:: Materials provided ::

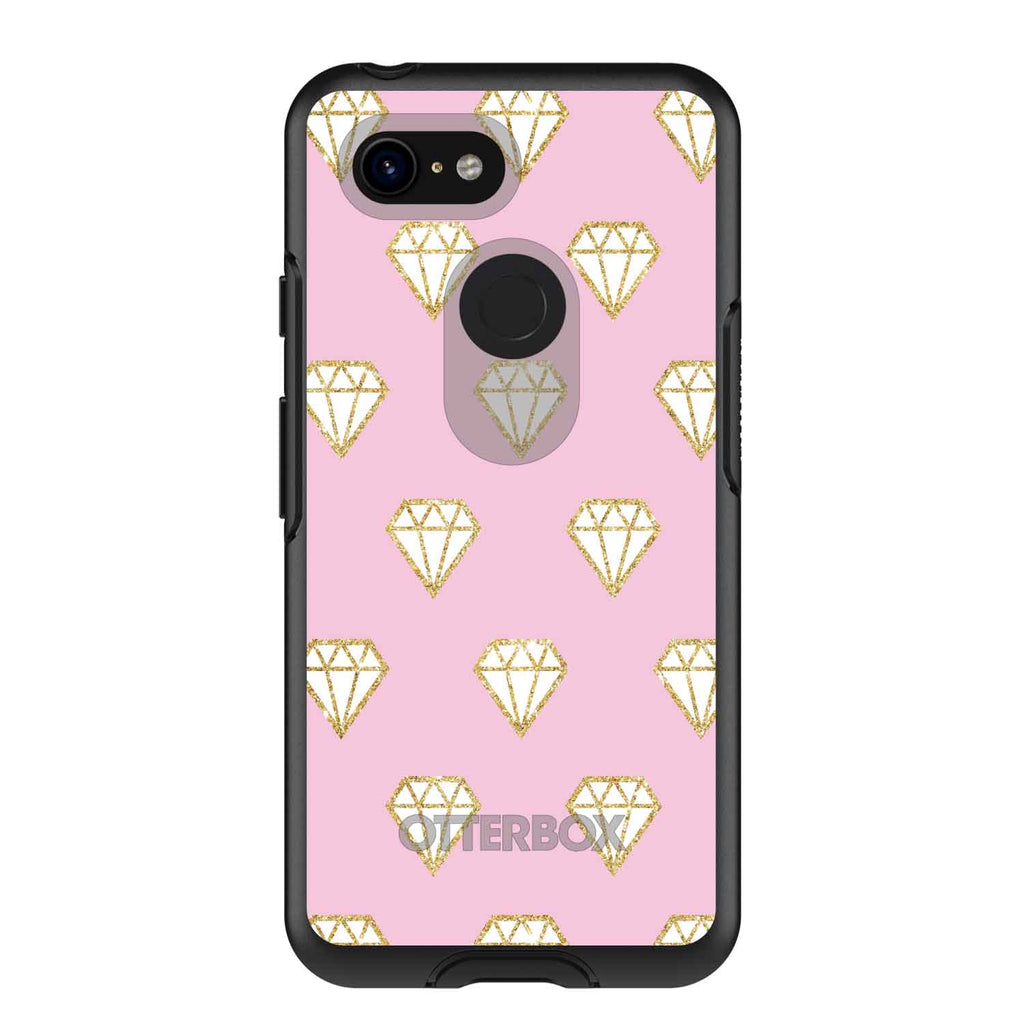 Pink & Gold Print, Diamond Pattern OtterBox Symmetry Case for iPhone & Galaxy, view 15
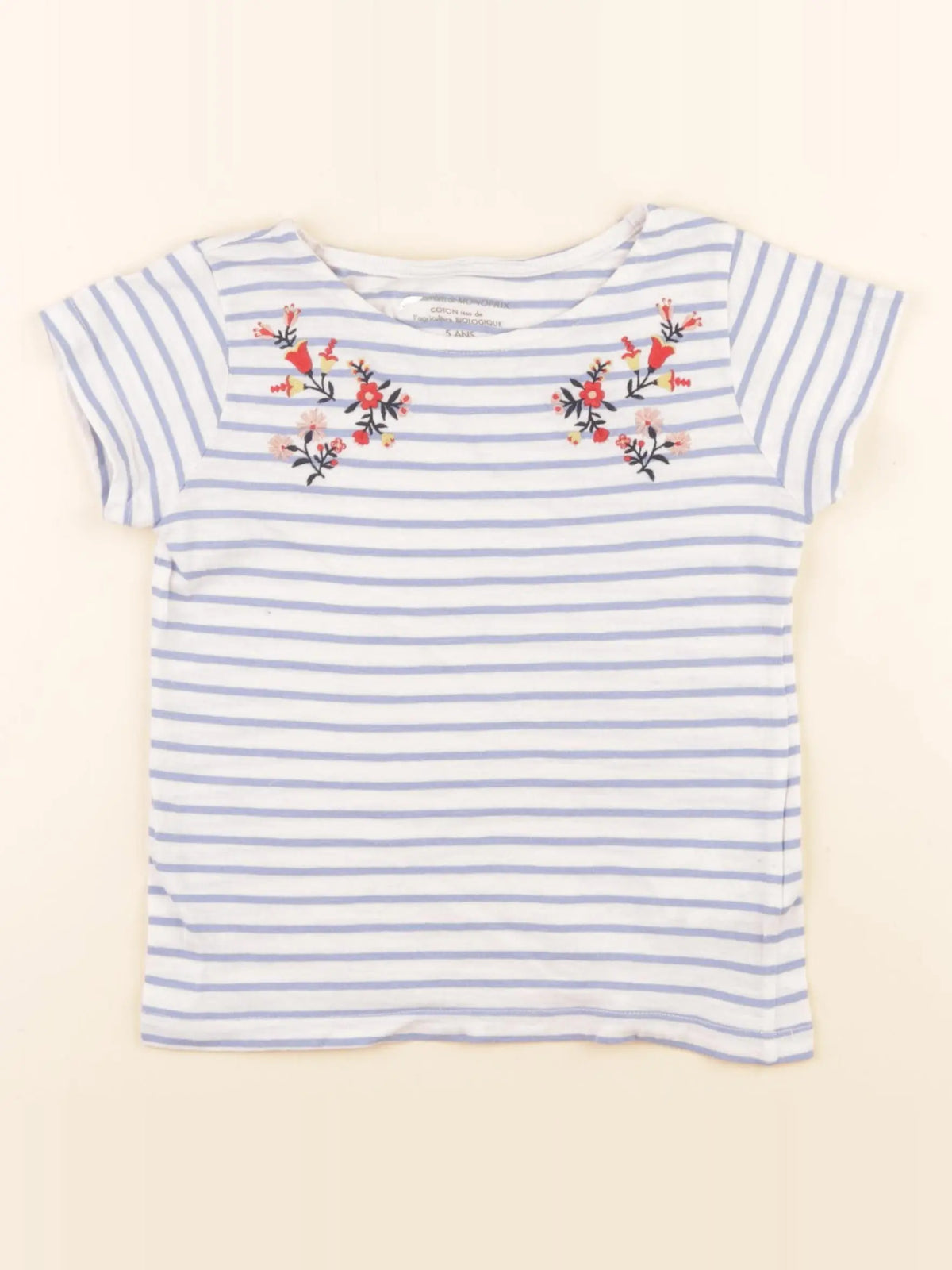 Monoprix - tee-shirt blanc, bleu - 5 ans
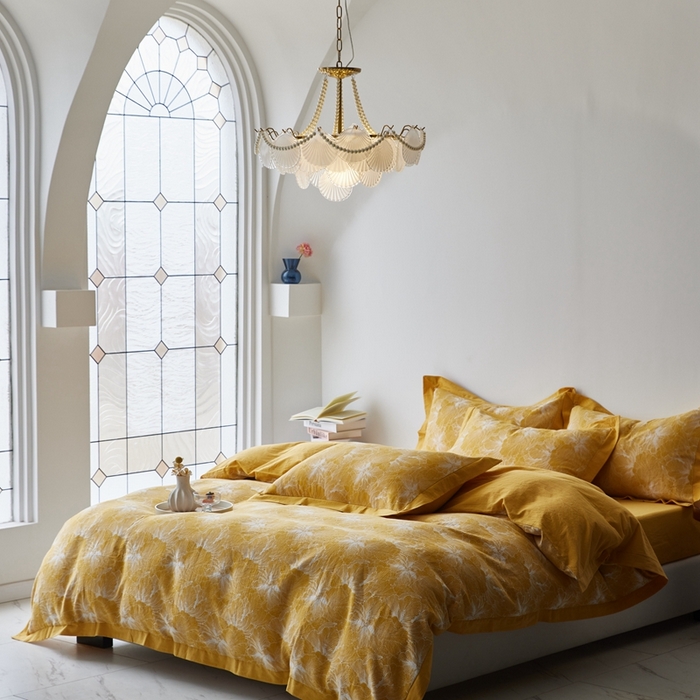 91家纺网 家纺一手货源 找家纺 安莱生活 2023新品双层纱大提花高奢工艺款四件套-国色天香系列 国色天香--姜黄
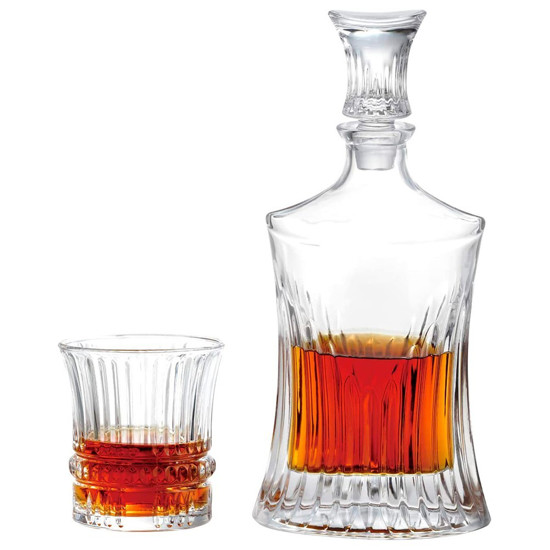 Imagem CONJUNTO 7 PEÇAS 1 GARRAFA DE WHISKY 550ML E 6 COPOS DE CRISTAL 240ML WOLFF
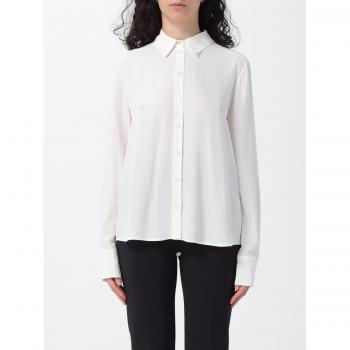 PATRIZIA PEPE Women's Regular-Collar Pleated White Shirt – Size L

:::

Skip the pictures and transcribe the rest of the records exactly.

 Pink & Gold Print, Diamond Pattern OtterBox Symmetry Case for iPhone & Galaxy, view 15
 Monoprix - tee-shirt blanc, bleu - 5 ans
 91家纺网 家纺一手货源 找家纺 安莱生活 2023新品双层纱大提花高奢工艺款四件套-国色天香系列 国色天香--姜黄
 Imagem CONJUNTO 7 PEÇAS 1 GARRAFA DE WHISKY 550ML E 6 COPOS DE CRISTAL 240ML WOLFF
 PATRIZIA PEPE Women's Regular-Collar Pleated White Shirt – Size L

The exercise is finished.